*Directions:*
Across the entries below, count the lines in which the word "House" occurs. Reply with the count alone.

*** Opening Task input ***

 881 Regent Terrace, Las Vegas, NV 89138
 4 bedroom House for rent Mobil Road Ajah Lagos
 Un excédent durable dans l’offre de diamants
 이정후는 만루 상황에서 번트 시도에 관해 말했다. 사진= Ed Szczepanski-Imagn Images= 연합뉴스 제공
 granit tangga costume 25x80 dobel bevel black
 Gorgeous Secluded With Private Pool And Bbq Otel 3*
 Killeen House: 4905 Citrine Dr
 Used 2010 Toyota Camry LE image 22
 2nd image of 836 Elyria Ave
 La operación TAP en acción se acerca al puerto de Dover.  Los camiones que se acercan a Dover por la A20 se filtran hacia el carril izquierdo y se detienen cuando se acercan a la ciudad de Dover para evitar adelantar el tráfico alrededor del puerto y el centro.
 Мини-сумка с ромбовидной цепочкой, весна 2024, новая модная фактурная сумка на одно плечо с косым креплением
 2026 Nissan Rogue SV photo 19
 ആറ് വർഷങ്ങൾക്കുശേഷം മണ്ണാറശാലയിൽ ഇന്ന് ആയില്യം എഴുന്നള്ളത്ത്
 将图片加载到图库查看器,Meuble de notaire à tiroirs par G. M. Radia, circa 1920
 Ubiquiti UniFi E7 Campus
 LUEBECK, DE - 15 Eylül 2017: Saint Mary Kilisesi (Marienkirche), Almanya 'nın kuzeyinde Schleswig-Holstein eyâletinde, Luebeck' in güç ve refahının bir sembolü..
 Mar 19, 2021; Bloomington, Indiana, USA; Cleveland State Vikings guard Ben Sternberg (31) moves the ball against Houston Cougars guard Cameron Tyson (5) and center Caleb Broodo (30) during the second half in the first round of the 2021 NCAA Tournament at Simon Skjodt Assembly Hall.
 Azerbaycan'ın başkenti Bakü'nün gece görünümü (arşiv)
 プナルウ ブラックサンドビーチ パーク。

*** Closing Task input ***

*Solution to this task:*
2